В рассуждениях Гегеля и Белинского есть имя, которое появляется как бы специально для того, чтобы показать различие их концепций, — это Тенирс. По Гегелю, Тенирс (так же как Остаде и Стен) представляет романтическое искусство на стадии разложения: он фиксирует «изменчивую природу в ее беглых проявлениях». Хотя его творчество знаменует победу искусства над материалом, «но более глубокий ум... такого рода предметы удовлетворять не могут...». По Белинскому же, Тенирс как «живописец пошлости жизни голландского простонародья» — не только «великий талант», но представитель полнокровного современного искусства: такой род живописи столь же оправдан, как и, к примеру, живопись Рафаэля.

Белинский сохраняет связь с концепцией Гегеля в важном пункте — в признании, что прозаическая объективность должна быть сопряжена с идеалом, с тем, что немецкий философ называл «нравственным и божественным». Но Белинский видел такую связь и в бесконечной способности прозаической объективности отдаляться от этой субстанции, т. е., иначе говоря, свидетельствовать об ее отсутствии и извращении.

Негативная связь с идеалом не только давала возможность углублять и расширять прозаический материал, но и породила новые формы изобразительности, новые критерии и новые жанры — роман в первую голову. «...Эпос нового мира явился преимущественно в романе, которого главное отличие от древнеэллинского эпоса, кроме христианских и других элементов новейшего мира, составляет еще и проза жизни, вошедшая в ее содержание и чуждая древнеэллинскому эпосу».
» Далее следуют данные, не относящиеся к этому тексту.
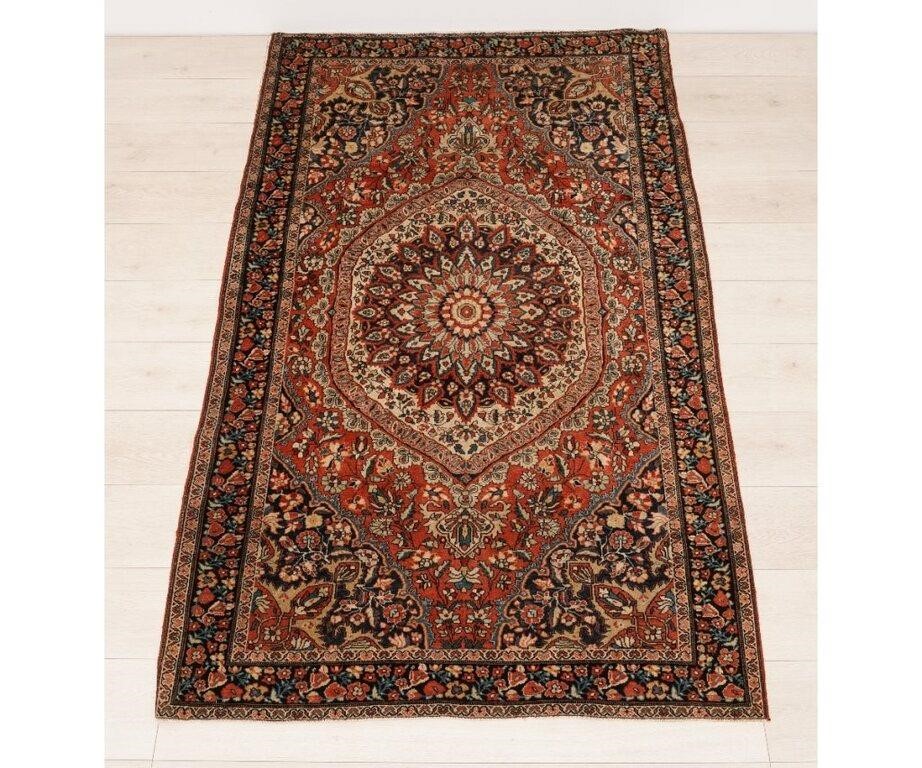 Appraisal: Colorful antique Sarouk center hall carpet with center medallion floral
В. Ф. Одоевский назвал Белинского стихийно-философской натурой, во многом самостоятельно, т. е. без полного и систематического ознакомления с современной философией, разрабатывавшего самые актуальные проблемы: «Белинский был одною из высших философских организаций, какие я когда-либо встречал в жизни». Это выразилось прежде всего в том, что Белинский философски обосновал специфику новейшей — сегодня мы бы сказали «реалистической» — литературы, показав и ее связь с предшествующими формами, и неповторимое, только еще складывающееся обличие. Последнее обстоятельство определило оригинальный вклад критика в мировую эстетическую мысль.